How to Make a Bird
Page 14
It was like when you saw a mean snarling dog and you thought to yourself, “I mustn’t be scared because the dog will sense my fear and attack me.” But that very thought, that the dog will sense your fear, is such a scary thought that you get another fear: the fear of being found out fearing. Life seemed to be full of those snarling dogs, making you dislike your own disliking, making you afraid of your own fears, making you try too hard to cover them up, making you put a red dress over your own thin lost limbs. Who was I convincing? I looked at the sky, all lit up with stars. A couple walked past me. They slanted forward as they walked, her with her hairdo and him with his sheltering arm. You could tell they were in agreement, by the way they strode. It was as if the ideas that dwelled within them, and sought a future place, had risen up and joined in a blaze of joyous certainty, so that the couple only had to keep pushing forward through the black warm air toward that one clear star. Their star. “Their star,” I said again in my mind, and then I wished I hadn’t said it.

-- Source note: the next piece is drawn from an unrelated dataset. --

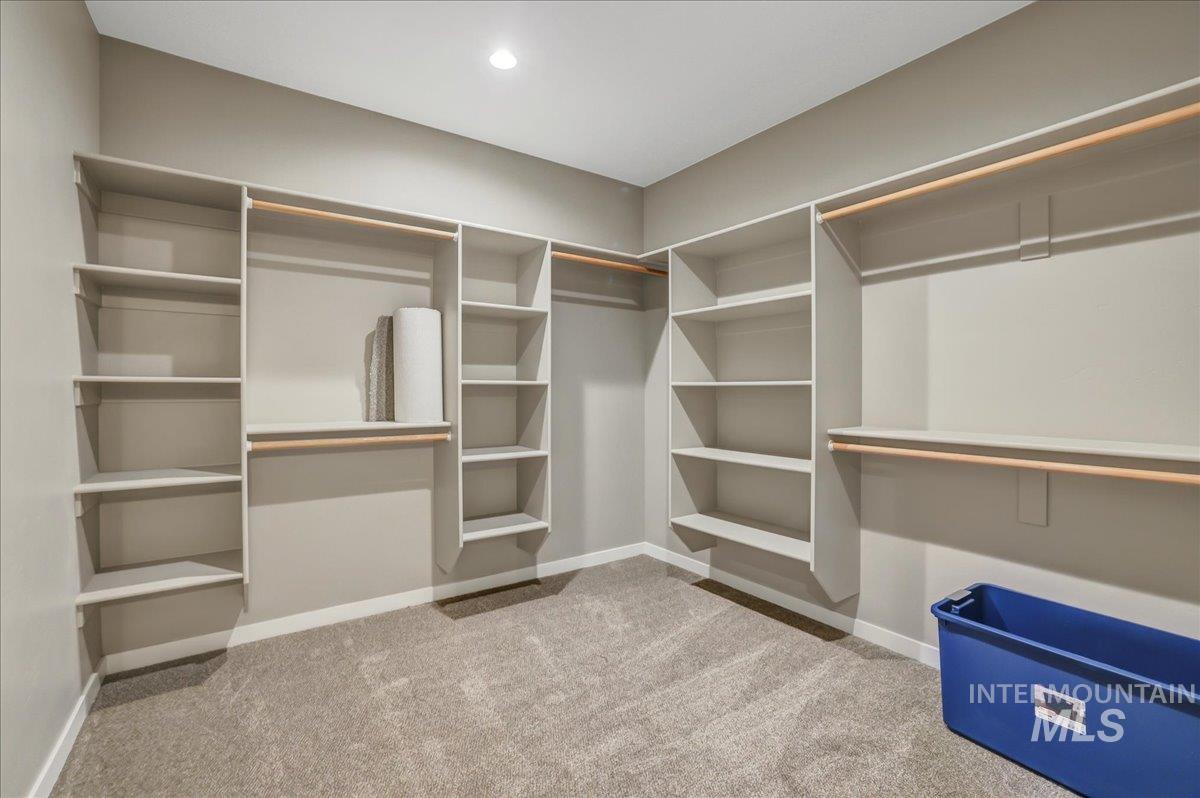 Walk in closet with light carpet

I had my hunger wires all mixed up. It was as if I had this large, large hole in my heart and I was trying to plug it up with a thin, thin man. Any kid old enough to do a jigsaw puzzle would tell you that a thin bit won’t fill a large hole. So why was I such a dope?
See, it wasn’t the Thin Captain curling me in, it wasn’t him, the handsome, slightly successful person; it was the feeling of him not liking me. It was the way I agreed so wholeheartedly with him not liking me that I didn’t like me either. So now there were two people not liking me. Him and me. Of course, I was the more important disliker in the equation, since I knew myself better and my opinion counted for more, but still, having all that disliking jabbing into you can really knock you out; it can make you feel very bad and very unlikable.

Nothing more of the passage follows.